Hi-jinx and social climbing
MARRYING UP
BY WENDY HOLDEN
Headline, £19.99
HAVING spent the 90s working for the Sunday Telegraph, the Sunday Times Style Mag – where she ghost-wrote a column by Tara Palmer Tompkinson – and Tatler, Wendy Holden knows a thing or three about social snobbery, the chattering classes and that type of person deserving of a uniquely withering scorn: the social climber.
Her latest bestseller, Marrying Up, is a delightful skewering of royal ambitions and the aristocratic enclaves surrounding the tip top of society. Tapping into royal wedding fever with light-touch irony (something tells me Holden won’t be penning a Riot Romance), the story revolves around one particularly long-legged, be-pearled lassie called Alexa McDonald, a shameless and self-confessed social climber. McDonald has set her sights on marrying a marquis (at the very least), wanting a tiara, if not a crown, before she hangs up her dancing shoes. Befriending the hapless Florrie in her gold-digging masterplan, Alexa’s plan looks set to triumph, until Florrie’s mother appears to cotton onto her scheming.

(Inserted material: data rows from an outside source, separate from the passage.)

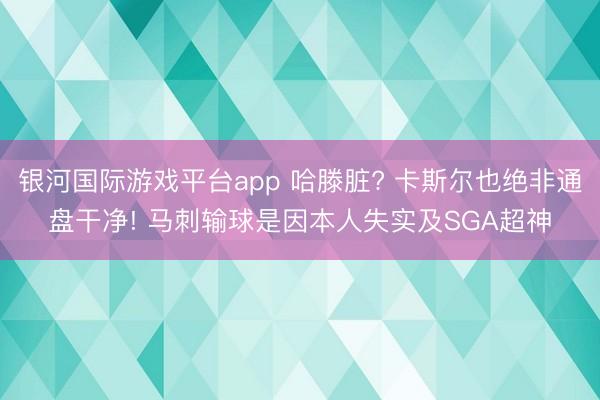 银河国际游戏平台app 哈滕脏? 卡斯尔也绝非通盘干净! 马刺输球是因本人失实及SGA超神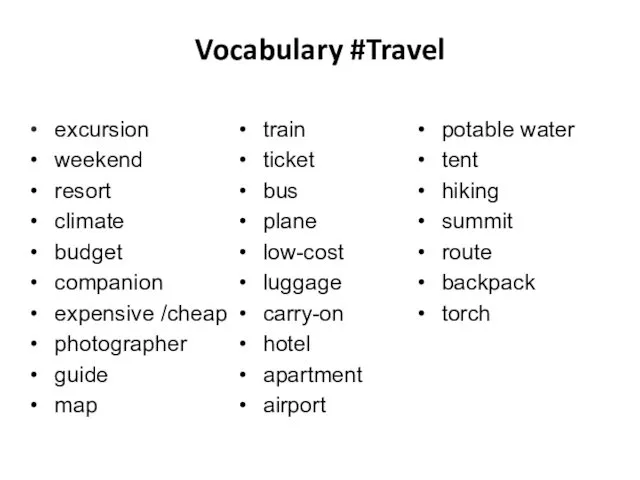 Vocabulary #Travel excursion weekend resort climate budget companion expensive /cheap photographer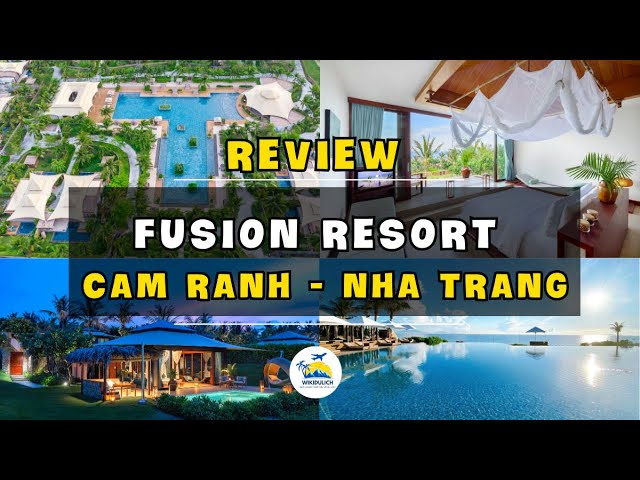 Review Fusion Resort Cam Ranh: d&agrave;nh cho ai v&agrave; ai th&igrave; kh&ocirc;ng n&ecirc;n ở? #fusionresortcamranh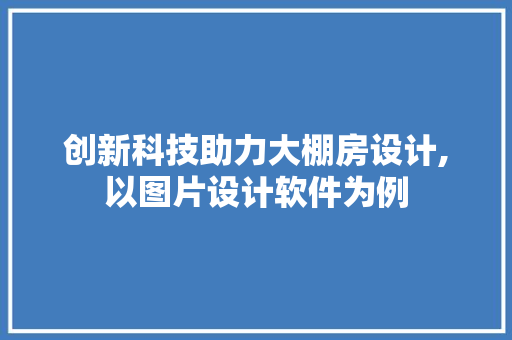 创新科技助力大棚房设计,以图片设计软件为例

Meanwhile, her old schoolfriend, archeology student Polly, has fallen for a vet she meets in an Oxfordshire village. But hang on – is he as boy-next-door as he appears, or could Polly have unwittingly struck the jackpot? This tale of prince-finding makes for a very cheery antidote to the dire events in the news currently and if you’re heading off on holiday, it is the very best sort of beach read. On the other hand, if you’re the type who finds Cinderella-style tales for the modern Sloane irritating, you might want to consider something else. Wealth of Nations (see below), anyone?
Zoe Strimpel
THE POSSESSIONS OF DOCTOR FORREST
BY RICHARD T KELLY
Faber and Faber, £12.99
RICHARD T Kelly has followed his first novel, the chunky – in both its size and ambition – Crusaders, with a beguiling, Gothic-inflected thriller.
At the heart of the narrative are three Edinburgh childhood friends, now respected middle-aged doctors living in London. When hard-living but deeply-troubled cosmetic surgeon Robert Forrest – his own once good looks now fading – goes missing his friends, psychiatrist Steve Hartford and paediatric surgeon Grey Lochran, are gradually drawn into their own investigations, a web of deceit, menace and fatality.
For much of its duration the novel inhabits the points of view of Hartford and Lochran, illuminating middle-aged male anxieties with psychological acuity and lightness of touch, as well as driving Kelly’s deliciously sly thriller onwards. When point of view switches to that of Doctor Forrest himself – and we have never really believed him dead and are dying to hear from him – all Hell breaks loose. It’s an audacious shift of tone and largely successful, prompting the reinterpretation of much that has gone before and clarifying the novel’s thematic purposes.
This is a confident and bold novel about death, the desire for immortality, vanity and much besides. Its moral references as well as its form – letters, diaries, interviews and reports from a variety of points of view – are those of nineteenth century Gothic fiction. Doctors Frankenstein and Jekyll, Mr Hyde, Dorian Gray and Count Dracula all have a place in this dark, troubling, uncertain but finally, intensely human universe.
Jonathan Hourigan
THE CONDENSED WEALTH OF NATIONS
BY EAMONN BUTLER
Adam Smith institute, £9
At over 950 pages long, Adam Smith’s The Wealth of Nations is a book that only few have ever read. Yet contained within are thoughts that changed the course of the history.
The Condensed Wealth of Nations is Adam Smith Institute director Eamonn Butler’s answer to the conundrum of spreading the ideas of an author virtually nobody reads. It is neither biographical nor historical, but a distillation of Smith’s key thoughts in modern language – managing to condense his thoughts in less than ten per cent of the space.
Bouncing off other intellectuals in the hub of genius that was the Scottish and wider European enlightenment, Butler’s book shines a light on just how radical the founder of economics really was on the division of labour, the benefits of exchange and free trade.
Given that few will read the real the thing, Butler’s 84 pages are the best way to get a taste of a man whose ideas – both in economics and ethics – shed much light on the human condition and helped make the modern world.